Salah satu penyebab kemandegan yang terjadi didalam dunia hukum adalah karena masih terjerembab kepada paradigma tunggal positivisme yang sudah tidak fungsional lagi sebagai analisis dan kontrol yang bersejalan dengan tabel hidup karakteristik manusia yang senyatanya pada konteks dinamis dan multi kepentingan baik pada proses hukumnya maupun pada peristiwa hukumnya.
Semakin kemari rasanya semakin mengkonfirmasikan kekakuan produk hukum yang dibentuk oleh pejabat tata usaha negara dalam hal ini pihak BKN yaitu Peraturan BKN No. 2 Tahun 2021 memang nyata terjadi. Sebelumnya juga, ketentuan normatif yang terkesan ‘kaku’ seperti ini dahulunya pernah ada dalam masalah yang di mana Putusan Mahkamah Konstitusi No. 102/PUU-VII/2009 telah memberikan ruang baru dalam konteks memberikan jalan keluar atas kekakuan hukum.

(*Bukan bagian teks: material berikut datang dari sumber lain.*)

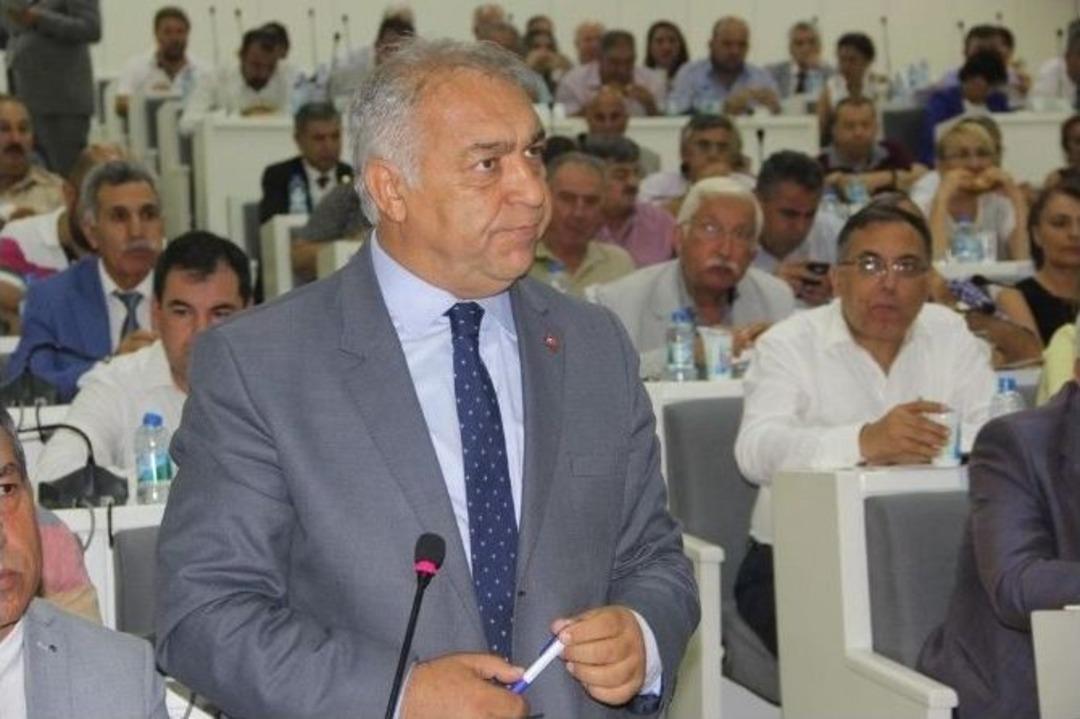 B&uuml;y&uuml;kşehir Meclisinde Pazar Yeri Tartışması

Putusan yang memberikan kelonggaran pada prosedur administratif pelaksanaan Pemilu Presiden yang diadakan pada 8 Juli 2009, yaitu dengan diperbolehkannya penggunaan Kartu Tanda Penduduk (KTP) dan paspor dalam proses pemilihan, telah sedikit banyak memberikan jaminan terhadap hak warganegara pada pelaksanaan pesta demokrasi tersebut. Putusan Mahkamah Konstitusi No. 102/PUU-VII/2009, memiliki implikasi dalam bentuknya sebagai dasar argumentasi, yang berkaitan dengan sikap dan kebijaksanaan yang dilakukan oleh KPUD untuk menyelesaikan problematika Daftar Pemilih Tetap (DPT) yang muncul.

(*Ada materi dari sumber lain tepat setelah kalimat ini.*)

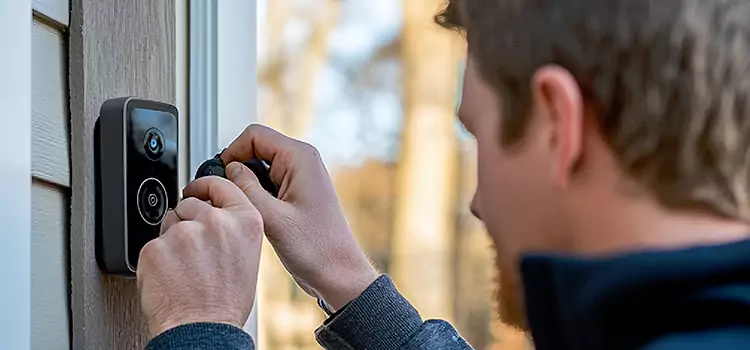 Blink Doorbell Installation West Sacramento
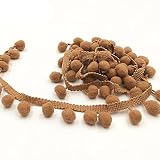 Las borlas siempre se mantendrán rectas y nunca se deshilacharán durante mucho tiempo, solo se arreglarán y se ventilarán una vez que se reciban las borlas.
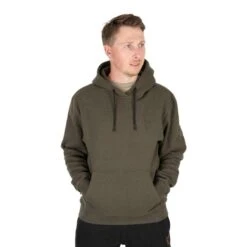 Fox Collection Hoody Green & Black 11 Fox Collection Hoody Green & Black -Hengelnl Winkel 4783263Fox Collection Hoody Green Black 2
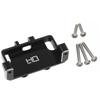 Hot Racing SXTF2401 Aluminum Steering Servo Mount Scx 24 view 1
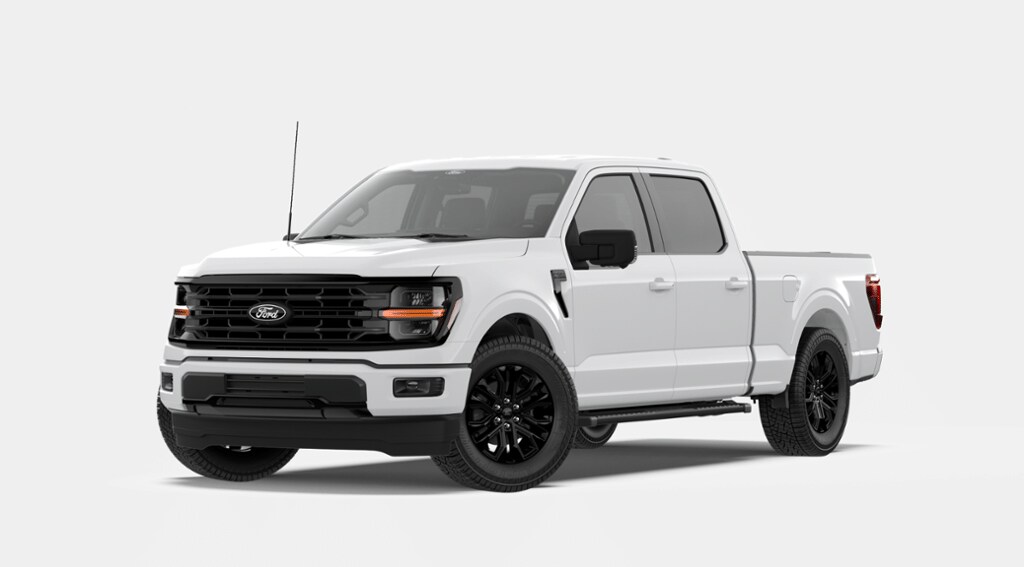 2026 F-150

Pejabat tata usaha negara yang punya otoritas dalam proses Tes CAT SKD MA RI T.A 2021 tersebut sebetulnya dapat menggunakan diskresi (freies ermessen). Dengan bersandar pada freies ermessen, pejabat tata usaha negara negara memiliki kewenangan yang luas untuk melakukan berbagai tindakan hukum dalam rangka melayani kepentingan masyarakat atau mewujudkan kesejahteraan umum, dan untuk melakukan tindakan itu diperlukan instrumen hukum. Artinya, bersamaan dengan pemberian kewenangan yang luas untuk bertindak diberikan pula kewenangan untuk membuat instrumen hukumnya.
Sebagai upaya perlindungan terhadap hak kepesertaan a.n Imanuel Mahole untuk dapat mengikuti Tes CAT SKD MA RI T.A 2021 berdasarkan asas-asas umum pemerintahan yang baik yaitu asas kemanfaatan , asas tidak menyalahgunakan kewenangan dan asas pelayanan yang baik.

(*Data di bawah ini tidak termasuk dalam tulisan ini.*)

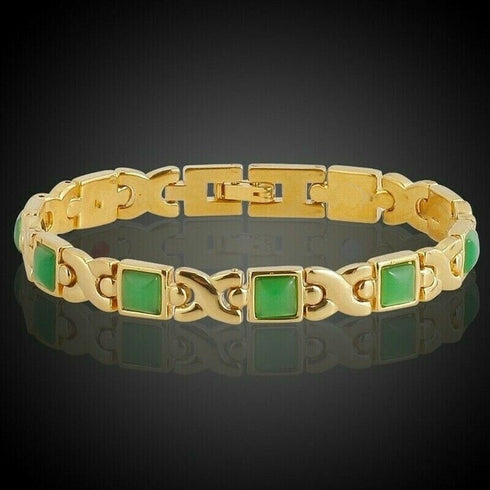 Bracelets Silver gold Bracelet For Men Women - ROUTINE FASHION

Demikianlah karakter hukum progresif yang dibangun (dikonstruk) oleh pendirinya yaitu Satjipto Rahardjo yang mengkonsepsikan bahwa “Hukum harus mengabdi kepada kepentingan manusia, bukan sebaliknya manusia yang harus menghambakan diri kepada hukum”. Namun kenyataannya, hukum telah kehilangan rohnya (value-nya) yaitu keadilan, sehingga dalam penegakannya, hukum tampil bagai raksasa yang setiap saat menerkam rasa keadilan masyarakat melalui anarkismenya yang berkedok kepastian hukum dalam bingkai positivisme yang mengkultuskan undang-undang (Baca : Peraturan BKN No. 2 Tahun 2021).